Hundreds of rental bikes dumped in Dallas as Ofo opts out
While the mayor condemns the mess, fans accuse the government of pushing Ofo out
They first appeared in China: enormous piles of unwanted rental bikes. Now the mountains of discarded two-wheelers are making an appearance in the US.
Dallas, Texas now has its own “bicycle graveyards” as the Chinese bike-sharing company Ofo exits the city’s rent-a-bike business.
Among those who’ve reacted to the heaps of redundant bikes is the city’s mayor, Mike Rawling, who simply tweeted “Terrible.”
While some condemned Ofo’s decision to demolish all those bikes, others are blaming the government for pushing the bike-share companies out.

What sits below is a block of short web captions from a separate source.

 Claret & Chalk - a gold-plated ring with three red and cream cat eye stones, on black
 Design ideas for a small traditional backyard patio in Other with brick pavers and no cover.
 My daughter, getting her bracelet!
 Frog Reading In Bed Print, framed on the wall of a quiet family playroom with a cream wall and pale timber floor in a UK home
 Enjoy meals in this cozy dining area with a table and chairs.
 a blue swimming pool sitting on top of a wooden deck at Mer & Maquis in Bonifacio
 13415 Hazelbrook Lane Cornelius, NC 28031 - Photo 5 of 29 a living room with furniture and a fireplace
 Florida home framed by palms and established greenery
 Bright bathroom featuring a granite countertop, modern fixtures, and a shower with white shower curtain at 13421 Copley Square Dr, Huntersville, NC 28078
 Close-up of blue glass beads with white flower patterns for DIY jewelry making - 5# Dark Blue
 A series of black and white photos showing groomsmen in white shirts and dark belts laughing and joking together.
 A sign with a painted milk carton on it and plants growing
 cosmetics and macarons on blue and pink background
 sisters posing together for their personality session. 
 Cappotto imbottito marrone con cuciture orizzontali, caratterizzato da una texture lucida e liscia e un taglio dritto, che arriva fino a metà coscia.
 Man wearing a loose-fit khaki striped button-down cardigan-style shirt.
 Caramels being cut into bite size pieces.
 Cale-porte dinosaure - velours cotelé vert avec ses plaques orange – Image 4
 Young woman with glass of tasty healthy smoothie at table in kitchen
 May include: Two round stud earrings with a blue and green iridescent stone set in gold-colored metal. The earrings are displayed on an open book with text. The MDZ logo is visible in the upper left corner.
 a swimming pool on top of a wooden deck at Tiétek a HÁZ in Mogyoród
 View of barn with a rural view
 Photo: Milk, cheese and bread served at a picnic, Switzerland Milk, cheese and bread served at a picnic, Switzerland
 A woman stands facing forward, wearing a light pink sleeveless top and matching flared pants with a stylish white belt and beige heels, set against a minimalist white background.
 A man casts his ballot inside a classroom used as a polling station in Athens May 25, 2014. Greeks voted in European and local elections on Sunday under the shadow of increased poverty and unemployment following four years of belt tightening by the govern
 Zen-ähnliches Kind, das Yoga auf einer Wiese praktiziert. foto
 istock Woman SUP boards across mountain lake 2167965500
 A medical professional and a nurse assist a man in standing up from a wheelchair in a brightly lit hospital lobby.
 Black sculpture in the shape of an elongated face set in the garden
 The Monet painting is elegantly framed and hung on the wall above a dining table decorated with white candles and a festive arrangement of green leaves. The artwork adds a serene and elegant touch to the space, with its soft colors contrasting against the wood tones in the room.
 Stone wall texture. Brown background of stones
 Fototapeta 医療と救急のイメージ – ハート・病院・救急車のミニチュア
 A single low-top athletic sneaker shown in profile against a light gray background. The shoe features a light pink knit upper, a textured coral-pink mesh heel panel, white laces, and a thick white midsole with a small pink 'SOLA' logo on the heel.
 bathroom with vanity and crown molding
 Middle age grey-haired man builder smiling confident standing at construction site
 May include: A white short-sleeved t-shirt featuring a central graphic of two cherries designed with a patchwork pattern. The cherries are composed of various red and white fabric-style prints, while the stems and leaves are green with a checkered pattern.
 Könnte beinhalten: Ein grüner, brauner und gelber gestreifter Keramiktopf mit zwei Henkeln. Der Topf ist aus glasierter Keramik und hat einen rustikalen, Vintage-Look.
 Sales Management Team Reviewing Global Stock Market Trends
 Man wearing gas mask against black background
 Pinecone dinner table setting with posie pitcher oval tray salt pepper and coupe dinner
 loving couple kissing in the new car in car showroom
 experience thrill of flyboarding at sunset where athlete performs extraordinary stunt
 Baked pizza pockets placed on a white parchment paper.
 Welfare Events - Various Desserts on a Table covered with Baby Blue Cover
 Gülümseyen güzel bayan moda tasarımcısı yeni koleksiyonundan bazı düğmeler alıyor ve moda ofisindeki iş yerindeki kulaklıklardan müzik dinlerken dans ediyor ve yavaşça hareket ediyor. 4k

For those who are not familiar, dockless bike-sharing is essentially a large-scale bike rental business. But rather than having to go to a particular garage to get one, the bikes are deliberately left in public areas all across the city, and users can rent them simply by using an app.
Even though the companies running the schemes have promised to clean up and retrieve abandoned bikes, residents still report seeing them randomly strewn around the city, unattended.
But if you think what’s happening in Dallas is bad, you’ve seen nothing yet. In China, a massive amount of bikes have been found in parks, open fields, and even rivers -- many of them damaged, either by wear or acts of vandalism.